Near Glenfield the Black River receives the smaller tributaries of Otter Creek and the Independence River, also from the east. Further north, it passes Lowville, then receives the Beaver River from the east, then the Deer River, its only major western tributary. Starting above Carthage the river briefly divides Lewis and Jefferson Counties before crossing entirely into Jefferson County, where it turns sharply west toward Lake Ontario, flowing past Great Bend, Black River and Watertown. Below Watertown it enters a canyon, well known for its challenging rapids.
The river ends at Lake Ontario in the village of Dexter, about 10 miles (16 km) west of Watertown, where it empties into the Black River Bay and Marsh, which are parts of the Golden Crescent. For the last few miles it forms the boundary between the Towns of Brownville and Hounsfield.
There are at least 17 dams on the Black River, with eight in the upper part above Lyons Falls, and nine below Watertown. The upper and lower reaches of the river have a steep gradient and were originally developed to provide mechanical power for mills, such as the old Georgia-Pacific paper mill (which now sits abandoned and falling into disrepair) in Lyons Falls, and later hydroelectricity. In contrast the middle 40 miles (64 km) of the river have practically no gradient and are not suitable to the development of head for industrial or hydropower projects.
The three uppermost dams, forming North Lake, Kayuta Lake and the smaller Forestport Reservoir are the only structures forming significant impoundments. The other dams are run-of-the-river, with no appreciable storage capacity, so power generation is entirely dependent on the natural flow of the river combined with releases from upstream reservoirs, which is relatively consistent except for drought years.

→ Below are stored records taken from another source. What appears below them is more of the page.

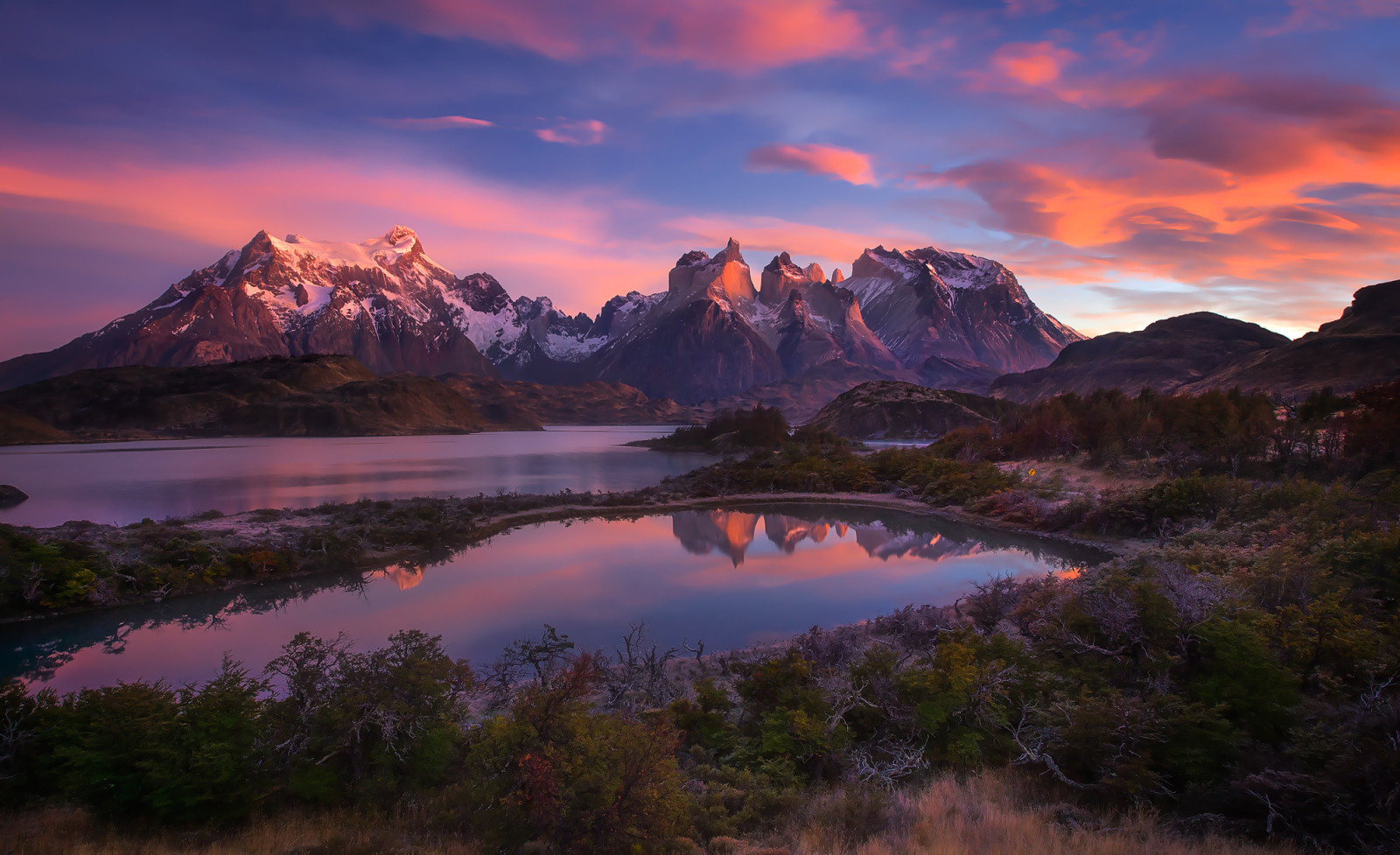 langit, danau, awan, Patagonia, Amerika Selatan, pegunungan Andes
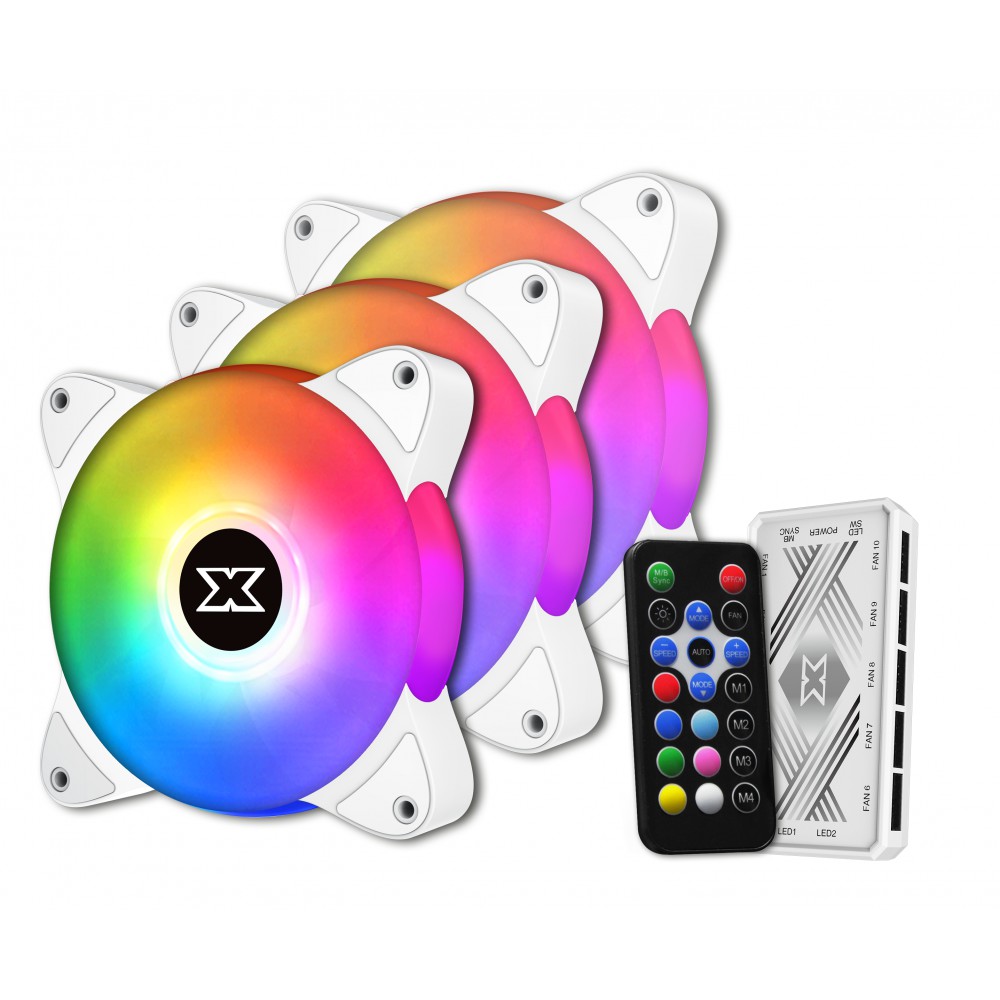 Quạt tản nhiệt Xigmatek Galaxy III Essential - BX120 ARTIC ARGB (MÀU TRẮNG) - Đã gồm Hub remote fan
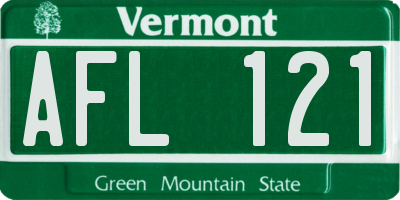 VT license plate AFL121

Whitewater rafting and kayaking are popular on some stretches of the river, notably the Black River Canyon, which begins in Watertown and ends in Brownville. The Black River Canyon is one of few whitewater streams which have reliable flows throughout the summer. The "Canyon" itself is not actually present until you reach Brownville and ends in the Dexter Reservoir.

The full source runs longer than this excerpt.